Il carattere popolare del testo, a partire dalla sua ambientazione (un borgo di pescatori, squallido e francamente non ben frequentato), così distante dalle ambientazioni borghesi che caratterizzano i testi più noti del drammaturgo siciliano (da Così è (se vi pare) a Come tu mi vuoi, dal Berretto a sonagli all’Enrico IV) o quelli metateatrali e surreali dei Sei personaggi in cerca d’autore o di Questa sera si recita a soggetto; l’aria che si respira nella Nuova colonia è più simile a quella di Liolà o de La giara, quindi più vicina alle novelle (anche sul piano cronologico), con una sottolineatura, però, più forte della componente drammatica, se non addirittura tragica.

Il profilo dei personaggi è forte e carico di passionalità, anzi proprio la repressione degli istinti si pone ad un certo punto come elemento catalizzante della narrazione.

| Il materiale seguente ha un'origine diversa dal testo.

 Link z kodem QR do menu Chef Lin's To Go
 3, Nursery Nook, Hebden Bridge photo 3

Poveri, ladri e prostitute popolano La nuova colonia: un nucleo di diseredati, spinto con forza ai margini della società, che decide di cambiar vita e di esiliarsi da sé, per costruire una nuova società, un nuovo mondo, che se a primo acchito sembra prendere il carattere della ribellione, ad un’attenta lettura si rivela come ferma volontà di redenzione: darsi una seconda opportunità di liberarsi da un passato di illegalità, darsela da sé questa opportunità visto che la cosiddetta società civile non ci pensa neanche, avendoli marchiati a vita come reietti.

E qui risiede il secondo motivo d’attrazione: la riflessione sulla possibilità di ricreare una comunità garantendo regole giuste e democratiche.

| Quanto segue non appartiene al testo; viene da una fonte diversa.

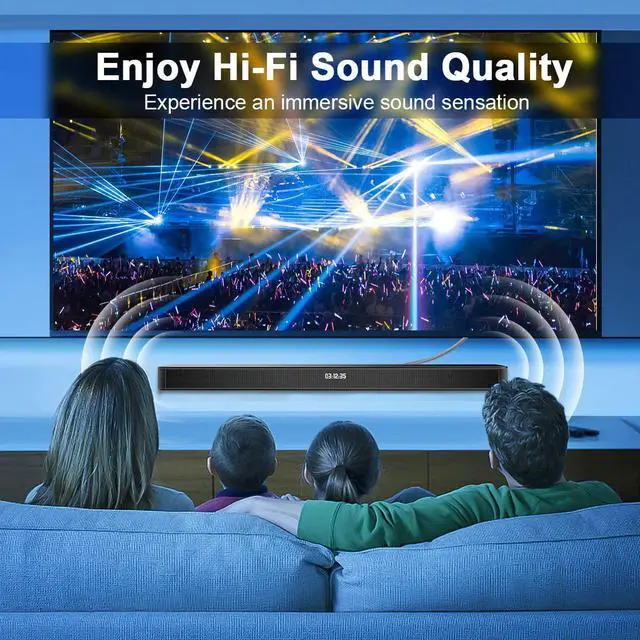 Alt view image 3 of 7 - RCA Subwoofer Cable 3.3ft / 1M, Digital Coaxial Audio Cable Gold Plated RCA Male to Male SPDIF Cable for Subwoofer, Home Theater, Amplifier, TV - Grey
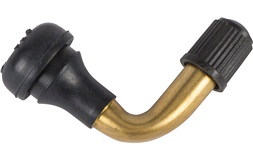 Vinkelventil 9,3mm. Vax med Bosch motor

Impresa ardua, quasi impossibile: la ferinità dell’animo umano tende ad avere la meglio, nonostante i tentativi più puri; la convivenza ribalta addirittura i valori individuali, facendo prevalere l’interesse ed un costante stato d’emergenza.

Una tematica quindi di un’attualità impressionante, addirittura profetica: è il 1928, data spartiacque fra le due guerre che hanno devastato l’Europa: la prima non avrebbe insegnato niente, visto che dopo vent’anni la “civiltà” sarebbe nuovamente caduta vittima di se stessa.

"LAZZARO"

DRAMMA MITOLOGICO IN TRE ATTI

Lazzaro fa parte dell'ultima produzione letteraria di Luigi Pirandello che si rifà al mito come ne La nuova colonia e ne I giganti della montagna. La composizione dell'opera risale al 1928 e fu rappresentata in Italia la prima volta a Torino nel dicembre del 1929 con la Compagnia di Marta Abba.

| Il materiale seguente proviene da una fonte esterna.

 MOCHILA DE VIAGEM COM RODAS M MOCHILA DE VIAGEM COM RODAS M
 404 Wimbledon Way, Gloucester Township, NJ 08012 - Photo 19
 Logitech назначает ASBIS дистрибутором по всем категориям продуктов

da Circolo Culturale Albatross

Il titolo - riferito chiaramente all'episodio evangelico - esplicita immediatamente il tema religioso del dramma, affrontato con sorpresa, e per la prima volta, dall'ateo Pirandello. Il tutto è però inserito in una vicenda più ampia che già il primo dei "miti" (questo è il secondo) aveva trattato, e cioè il contrasto tra una civiltà della madre, vitalistica, e una civiltà paterna, in questo frangente di tipo trascendentale, religioso-dogmatico. Diego e Sara, marito e moglie, si separano a seguito di numerose incomprensioni sorte spesso riguardo al trattamento dei due figli, Lucio e Lia. Lei si rifugia in una casa di campagna, scopre l'amore e inizia una nuova vita, basata su di una morale di tipo, per così dire, naturale. Lui, dogmatico difensore della religione, più che della fede, rimane in città assieme ai figli, di cui diviene l'unico educatore. Lucio e' mandato in seminario, mentre Lia, affidata alla cura delle suore, diviene incapace di camminare.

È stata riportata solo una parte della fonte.